Climate change has not only become a topic of common interest at the regional and multilateral levels, but is also a key challenge in the spectrum of non-traditional security challenges.

World leaders meeting at the UN General Assembly last month agreed that climate change is now a global problem. This focus is shown by the award of this year's Nobel Peace Prize to former US vice-president Al Gore and the Inter-Governmental Panel on Climate Change (IPCC) 'for their efforts to build up and disseminate greater knowledge about man-made climate change, and to lay the foundations for the measures that are needed to counteract such changes'.

In December, UN members will meet in Bali to consider the post-Kyoto Protocol framework. It is time for Asean to act, especially as global warming threatens coastal communities in our region.

The IPCC, comprising technical experts and set up by the World Meteorological Organisation and the UN Environment Programme, says the populations in the Mekong and Chao Phraya deltas are at greatest risk, while island communities are also threatened by rising sea levels. Also, deforestation threatens food-gathering hill tribes in mainland South-east Asia and has already led to conflicts in Kalimantan.

The global consensus on the grave non-traditional security challenges posed by climate change, however, is not matched by a consensus on how best to address this problem.

The differing political responses and contentious negotiations taking place in the world community are aptly described by US Secretary of State Condoleezza Rice. She said that the 'one-size-fits-all approach would not work...(T)here must be room for each nation to tackle the problem through medium-term programmes that reflected its own needs and did not require it to put aside economic growth for the sake of the environmental health'.

Although there is agreement on the need for a new global framework to observe the key principles put forward by the United Nations Framework Convention on Climate Change (Unfccc), to be adopted at the Bali meeting, particularly on the reduction of carbon emissions, the divergence of views between developed and developing countries on how to proceed remains a serious obstacle in mitigating the impact of climate change.

There is now widespread appreciation of the severe consequences of climate change on the security of mankind (especially in the developing world), and the need to prevent the negative effects of global warming.
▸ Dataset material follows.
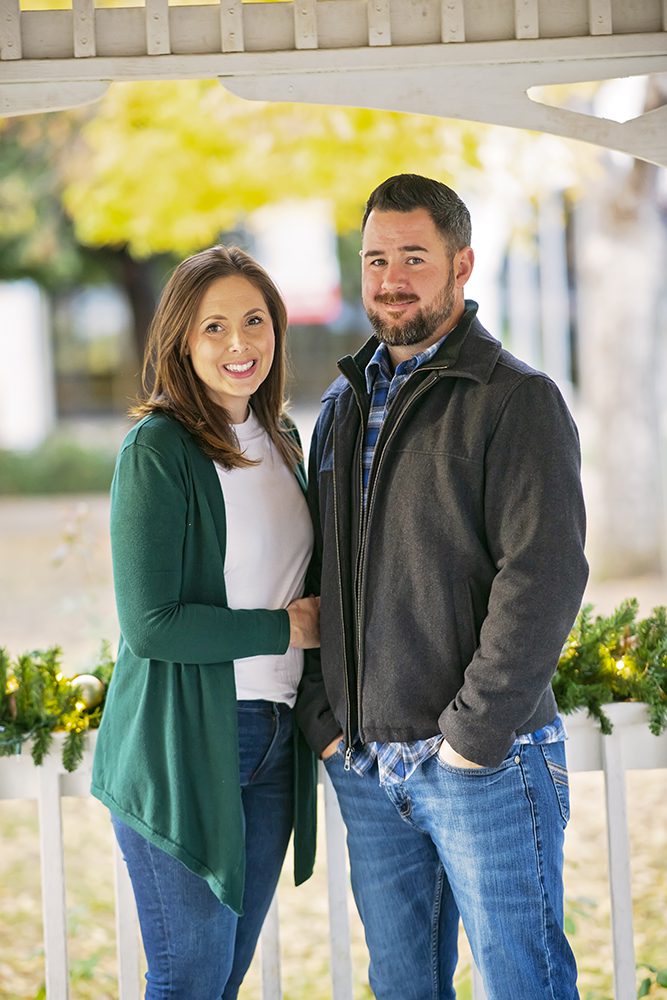 planning family portraits with extended family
In a recent report by the CNA Corporation entitled National Security And The Threat Of Climate Change, retired US military generals noted that climate change serves as 'a threat multiplier for instability in some of the most volatile regions in the world'.

It is imperative that Asian states address climate change because not only does it threaten their environmental security but it would also have repercussions on their energy, economic, health and social security.

Concrete action on climate change is essential as the region contributes a substantial amount of carbon emissions that precipitate climate change.

According to the United States Department of Energy's Earth Policy Institute, China, India and South Korea are among the world's top 10 carbon emitting countries, due to their burning of fossil fuels.

But Wetlands International suggests that if carbon emissions from human activities, such as the burning of peat land for plantations, are included, Indonesia, with an average of two billion tonnes of carbon dioxide emitted each year, would be the third biggest emitter of greenhouse gases in the world - after the US and China.

The annual haze alerts in Singapore and Malaysia over the past decade are a reminder that the burning of peat land and forests is an issue that concerns us all. It is often claimed that such burning is the work of small farmers on the move. However, the correlation between 'hot spots' on satellite imagery and the expansion of palm oil plantations and other renewable crops indicates that major commercial enterprises, not marginalised peasants, are the cause of these fires.

The problem will be worse in the next decade as the building of bio-fuel plants will raise the demand for palm oil and other renewable crops. Indicative of this trend is the building of some of the world's largest bio-diesel plants in Sumatra.

But this development highlights the contradictory consequences of well- meaning actions. The increased use of bio-fuels arises from initiatives to promote its use. Under the Kyoto Protocol, 38 industrialised states pledged to lower greenhouse gas emissions in 2008-2012 to levels that are 5.2 per cent below those in 1990.

These countries have encouraged the use of fuel sources that emit less greenhouse gases. The European Union Commission's action plan, for example, lays down a minimum target for the replacement of fossil fuels by bio-fuels in all member states. This has led to higher demand for bio-diesel and subsequently, the clearance of peat land and forests in Indonesia.

These developments form the backdrop for the initiatives emerging from Asia on the climate change issue.

Singapore will host the 13th Asean Summit, the Asean Plus Three forum and the 3rd East Asian Summit next month. Their common key theme is Energy, Environment, Climate Change And Sustainable Development.

In line with this, Asean hopes to sign a declaration on environmental sustainability at the Asean Summit.

The bloc is also proposing a Singapore declaration on the environment at the East Asian Summit. The Asean- EU summit will also have climate change high up on its agenda.

The Kyoto approach of prescriptive binding obligations will be resisted in East Asia. An approach which emphasises changing the norms, exerting influence on major carbon emitters and obtaining consensual agreements is much more likely to succeed.

Asean should take this approach. It is critical that measures be adopted that would not lead to environmental disasters in other areas as a result of the new policy orientation. It would mark a shift away from the Kyoto model and bring on board China, Indonesia and the US in the deal to be concluded at the Unfccc meeting in Bali.

The writer is dean of the S. Rajaratnam School of International Studies, Nanyang Technological University.